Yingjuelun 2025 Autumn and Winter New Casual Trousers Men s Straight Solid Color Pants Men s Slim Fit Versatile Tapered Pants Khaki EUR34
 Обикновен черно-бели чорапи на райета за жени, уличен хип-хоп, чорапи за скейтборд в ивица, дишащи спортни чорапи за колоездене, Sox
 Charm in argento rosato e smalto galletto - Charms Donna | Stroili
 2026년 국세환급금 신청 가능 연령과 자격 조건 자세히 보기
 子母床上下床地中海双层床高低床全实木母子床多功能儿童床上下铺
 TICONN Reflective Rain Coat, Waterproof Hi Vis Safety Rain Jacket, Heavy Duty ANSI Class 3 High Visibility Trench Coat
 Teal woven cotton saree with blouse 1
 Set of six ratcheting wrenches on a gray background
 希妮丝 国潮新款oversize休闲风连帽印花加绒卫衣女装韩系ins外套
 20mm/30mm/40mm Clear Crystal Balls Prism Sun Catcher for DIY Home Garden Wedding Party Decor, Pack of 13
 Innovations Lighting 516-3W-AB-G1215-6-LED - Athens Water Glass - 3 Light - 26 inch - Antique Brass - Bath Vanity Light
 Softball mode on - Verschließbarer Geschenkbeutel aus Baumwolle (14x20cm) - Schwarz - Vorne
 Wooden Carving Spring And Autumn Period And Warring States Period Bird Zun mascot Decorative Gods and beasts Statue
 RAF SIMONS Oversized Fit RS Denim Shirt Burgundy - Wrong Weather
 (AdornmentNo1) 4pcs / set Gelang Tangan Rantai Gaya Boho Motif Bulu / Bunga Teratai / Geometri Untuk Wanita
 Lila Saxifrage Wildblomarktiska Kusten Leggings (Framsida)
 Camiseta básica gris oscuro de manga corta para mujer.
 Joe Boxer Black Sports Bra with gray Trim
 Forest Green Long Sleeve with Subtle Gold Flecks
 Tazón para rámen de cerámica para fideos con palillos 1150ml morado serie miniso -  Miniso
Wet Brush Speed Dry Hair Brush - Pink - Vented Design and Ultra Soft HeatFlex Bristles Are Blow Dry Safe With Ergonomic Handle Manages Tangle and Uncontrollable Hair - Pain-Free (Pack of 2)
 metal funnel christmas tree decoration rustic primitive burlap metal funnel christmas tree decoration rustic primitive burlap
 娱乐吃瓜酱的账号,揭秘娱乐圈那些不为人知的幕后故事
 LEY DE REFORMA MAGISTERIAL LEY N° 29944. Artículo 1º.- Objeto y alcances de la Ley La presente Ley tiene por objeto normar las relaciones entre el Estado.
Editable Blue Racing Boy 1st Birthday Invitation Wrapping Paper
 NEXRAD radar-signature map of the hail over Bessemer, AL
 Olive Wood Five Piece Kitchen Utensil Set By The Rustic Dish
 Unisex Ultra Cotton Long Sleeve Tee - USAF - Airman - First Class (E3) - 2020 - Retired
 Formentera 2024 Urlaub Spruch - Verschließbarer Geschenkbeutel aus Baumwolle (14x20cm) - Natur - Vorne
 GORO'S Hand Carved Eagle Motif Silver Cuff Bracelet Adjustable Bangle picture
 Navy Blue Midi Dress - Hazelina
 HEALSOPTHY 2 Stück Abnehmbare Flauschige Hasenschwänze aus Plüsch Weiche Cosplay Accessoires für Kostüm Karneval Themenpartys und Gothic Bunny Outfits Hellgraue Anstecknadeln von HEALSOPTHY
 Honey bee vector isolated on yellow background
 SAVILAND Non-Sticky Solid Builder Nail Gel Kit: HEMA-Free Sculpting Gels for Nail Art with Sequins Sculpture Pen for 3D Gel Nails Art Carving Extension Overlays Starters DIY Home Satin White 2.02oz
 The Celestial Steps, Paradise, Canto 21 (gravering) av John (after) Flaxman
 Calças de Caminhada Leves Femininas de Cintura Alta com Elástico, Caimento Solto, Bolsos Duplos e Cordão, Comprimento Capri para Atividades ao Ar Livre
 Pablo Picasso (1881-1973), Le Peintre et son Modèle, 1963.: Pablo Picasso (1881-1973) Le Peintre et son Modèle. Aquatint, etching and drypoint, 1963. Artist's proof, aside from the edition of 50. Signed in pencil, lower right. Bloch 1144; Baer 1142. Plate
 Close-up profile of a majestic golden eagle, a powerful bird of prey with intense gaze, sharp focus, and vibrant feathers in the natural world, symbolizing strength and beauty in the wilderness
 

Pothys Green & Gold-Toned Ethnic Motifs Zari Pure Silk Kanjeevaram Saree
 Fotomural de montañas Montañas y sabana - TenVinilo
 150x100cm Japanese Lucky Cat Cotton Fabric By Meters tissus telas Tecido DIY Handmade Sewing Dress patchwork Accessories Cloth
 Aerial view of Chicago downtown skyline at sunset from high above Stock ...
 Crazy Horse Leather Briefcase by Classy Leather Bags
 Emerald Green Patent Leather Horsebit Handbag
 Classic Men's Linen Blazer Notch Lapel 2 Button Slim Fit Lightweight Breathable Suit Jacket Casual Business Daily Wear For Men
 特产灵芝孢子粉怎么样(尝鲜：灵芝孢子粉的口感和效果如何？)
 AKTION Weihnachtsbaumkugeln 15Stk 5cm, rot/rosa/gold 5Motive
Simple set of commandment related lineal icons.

################

▸ Task:
Locate all lines in the listing above with the word "Leather" and copy them.

▸ Exercise response:
 Crazy Horse Leather Briefcase by Classy Leather Bags
 Emerald Green Patent Leather Horsebit Handbag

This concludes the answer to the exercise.